While contemplating the Orioles’ farm system, I came up with what I think the roster could look like 3 years from now. For the purpose of this article, I will have one column showing a lineup with Chris Davis and without Manny Machado or Jonathan Schoop, as well as a second column showing the opposite outcome.
2021 Pitching Rotation:
- Dylan Bundy (RHP)
- Hunter Harvey (RHP)
- Kevin Gausman (RHP)
- Alex Wells (LHP)
- Keegan Akin
** At this point in time, Cody Sedlock and DL Hall would likely be knocking at the door, and Alex Cobb could still be in play considering he is on a 4-year deal.

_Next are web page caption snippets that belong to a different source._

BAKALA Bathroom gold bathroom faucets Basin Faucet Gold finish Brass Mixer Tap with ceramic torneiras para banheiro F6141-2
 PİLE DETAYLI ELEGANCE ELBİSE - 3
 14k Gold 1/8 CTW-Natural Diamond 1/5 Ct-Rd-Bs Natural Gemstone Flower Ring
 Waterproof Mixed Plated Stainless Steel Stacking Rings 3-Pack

2021 Lineup/Defense W/ Davis 2021 Lineup/Defense W/O Davis
- Cedric Mullins – CF 1. Cedric Mullins – CF
- Austin Hays – RF 2. Austin Hays – RF
- Trey Mancini – LF 3. Manny Machado – SS
- Chris Davis – 1B 4. Trey Mancini – 1B
- Ryan Mountcastle – 3B 5. Jonathan Schoop – 2B
- Tim Beckham – SS 6. Ryan Mountcastle – DH
- Anthony Santander – DH 7. Tim Beckham – 3B
- Chance Sisco – C 8. Anthony Santander – LF
- Second Baseman (No Prospects) 9. Chance Sisco – C
In my opinion (and I’d imagine, the opinions of many others), the lineup without Chris Davis is far better than the other, as it has a blend of speed, power, and – most importantly – contact. Considering the projections of the prospects listed above (that is, Mullins, Hays, Mountcastle), this order would not only be as feared but likely more feared than today’s Orioles lineup. Supporting that offense with a deeper, more balanced and – hopefully – more consistent pitching rotation could mean danger for other AL teams.
Unfortunately, though, Chris Davis is still in the club, Manny Machado will be long gone, perhaps wearing pinstripes or dodger-blue, and Jonathan Schoop will be reaping the benefits of a new contract – let’s just hope it’s with the Orioles. And even though a portion of this week’s blog should serve as a source of hope, as the O’s do have some talent in their system, it should be taken with a grain of salt, as the outlook would be so much more hopeful if the Orioles had handled their business wisely just three offseasons ago.